Mrs Grace Edwards1, Mr Matthew Halpin1
1Sydney Local Health District, Australia
Biography:
Grace Edwards is the End-of-Life Care Coordinator at SLHD, with extensive experience in acute care, clinical education, and service development. She leads initiatives to improve compassionate, culturally responsive care, advance care planning, and consumer engagement. Grace is currently involved in research on Kennedy Terminal Ulcers, Not-for-Resuscitation policy reviews, and evaluating the quality of end-of-life care in acute settings. She has presented on calciphylaxis, JMO ACP education initiatives and quality end of life care in the acute care setting. Grace is passionate about improving death literacy across consumers and clinicians, building workforce capability and embedding public health approaches into palliative care.
Abstract:
Background:
Despite death being a universal human experience, it remains a taboo topic in many communities causing widespread discomfort and avoidance of conversations about dying. This lack of awareness can lead to missed opportunities for ACP, reduced autonomy in decision-making, and increased distress for patients and families. Cultural norms, fear, and societal silence around death perpetuate stigma, making it difficult for individuals to engage in meaningful discussions about their values, preferences, and care needs at the end of life.
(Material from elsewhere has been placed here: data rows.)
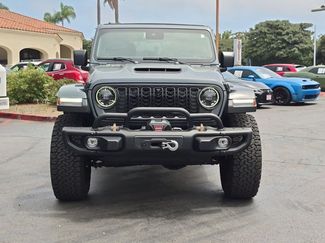 Used 2024 Jeep Wrangler Unlimited Rubicon 392 AWD/4WD video 2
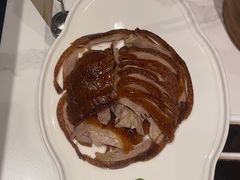 -小桃红·东北菜·春饼烤鸭(南阳湖街店)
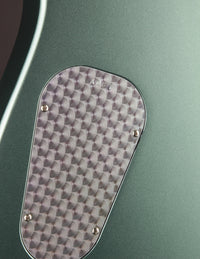 Powers Electric A-Type PF42 Sage Green Metallic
Improving death literacy is essential to fostering compassionate, person-centered care and empowering communities to approach dying with openness and dignity.
Aims:
To engage with local councils and community groups to promote ACP, awareness of end-of-life options and encourage community members to discuss their wishes and values with loved ones. To normalize conversations around death and dying increasing death literacy amongst consumers.
Methods:
The local health district collaborated with numerous local councils to run several events to address advance care planning, funeral planning, wills, caring for carers, death cafes and interactive panel discussions with local palliative and end of life care healthcare professionals.
Results:
Partnering with local councils led to improved engagement with consumers and communities. Feedback for the events was positive providing clear guidance that establishing ongoing regular consumer events plays an integral role in improving death literacy, reducing the stigma and encouraging compassionate communities.
Conclusions:
Health Services are uniquely positioned to lead community engagement in death and dying conversations. Partnerships with local councils, community groups and consumer voices can extend the reach of palliative and end-of-life care education, reduce stigma and promote informed decision-making. By engaging with consumers, we can better assess the needs of the community, ensuring that the care provided is person-centered, culturally appropriate, and aligned with the values and preferences of those at the end of life.